Some Comments About Ch. 6 of Text

The part of the book about C_p, AIC, BIC, and Adjusted R² on pp. 233-234, and also the corresponding HTOC video (in which Daniela Witten misspoke more than a few times) is terribly confusing regarding the meaning of d. Slide 20 of the Ch. 6 slides of the HTOC correctly identifies d in the C_p formula as being the number of parameters, but in the book it's given to be the number of predictors (which only makes sense if a column of 1s in the design matrix, corresponding to the intercept term, is counted as being a predictor). Also, in the formulas for AIC and BIC, d is the number of parameters (so d = 2 for a simple regression model that has slope and intercept parameters). But in the formula for Adjusted R², d is the number of actual predictor variables (and so doesn't include the intercept). (E.g., if there is a single explanatory variable, x, for just a simple regression model, d = 1, but for a quadratic model which includes both x and x², then d = 2 (because x² is counted as a 2nd predictor variable).)

The version of C_p given in the footnote on p. 233 of the text (which is the version called Mallow's C_p) is what is created when the summary() function is applied to an object created by a regsubsets() fit. (I suspect that in most places where C_p appears in statistical software output, it'll be Mallow's C_p, and not the nonstandard version given in ISL and ESL.)
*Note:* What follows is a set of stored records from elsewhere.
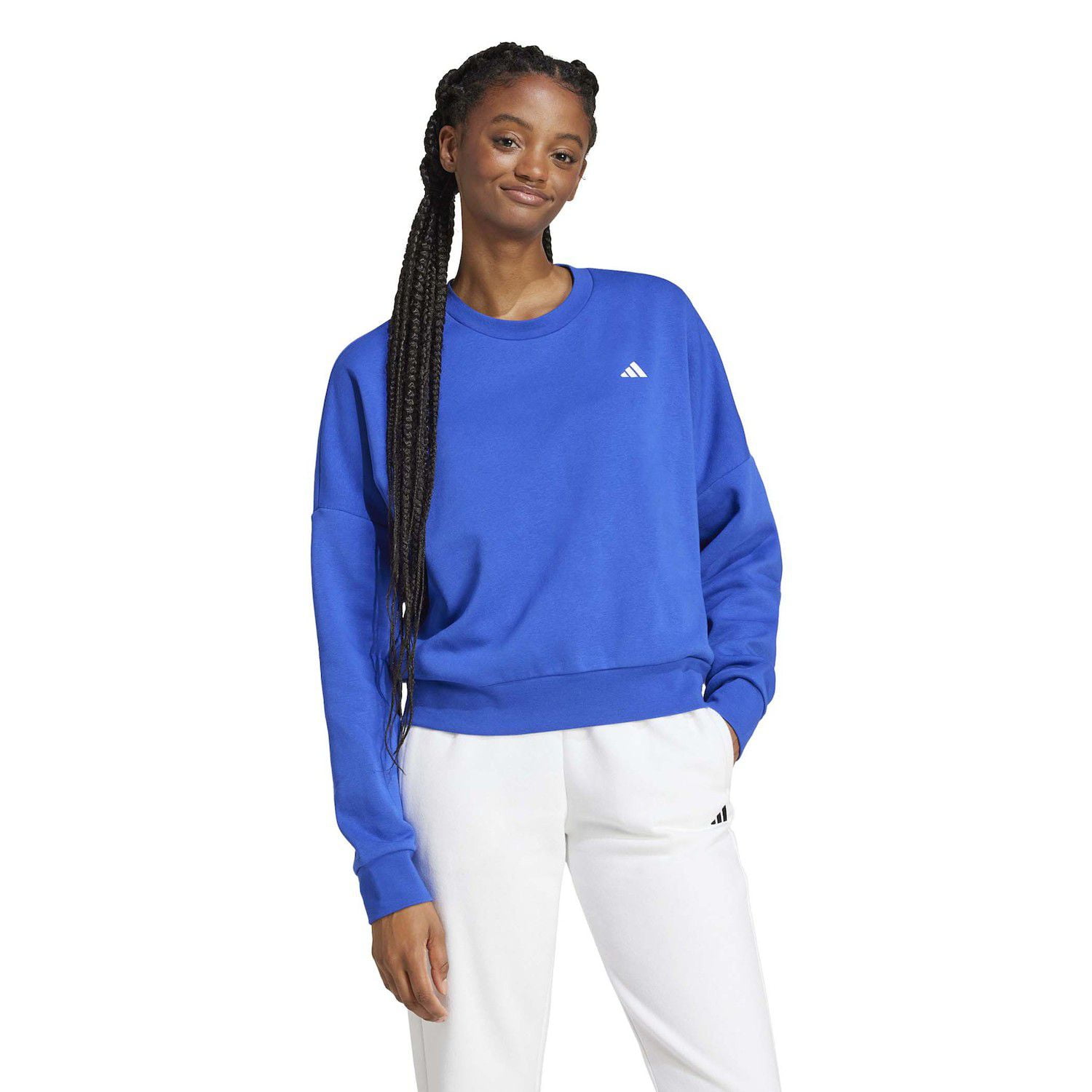 Women's adidas Essentials Feel Cozy Sportswear Sweatshirt Color: Semi Lucid Blue Size: X LARGE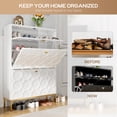 thumbnail image 6 of Boyel Living Shoe Cabinet w/ 2 Flip Drawers, Modern 24 Pair Entryway Shoe Rack Organizer, Freestanding Shoe Storage Cabinet for Entryway, White, 6 of 6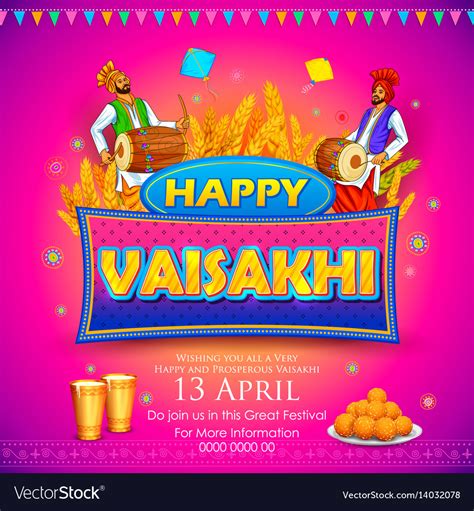 Happy Vaisakhi Punjabi Festival Celebration Vector Image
4 lines from the top of p. 242 of the text, the term sparse models is used, and it's indicated that a sparse model is one that involves only a subset of the variables. So, according to the text, if even a single predictor is removed, we have a sparse model. But I'm not sure how widely accepted this meaning of sparse is. I believe that some would take a sparse model to mean that most of the variables have been omitted (similar to saying that a sparse matrix is one having most of its elements being 0).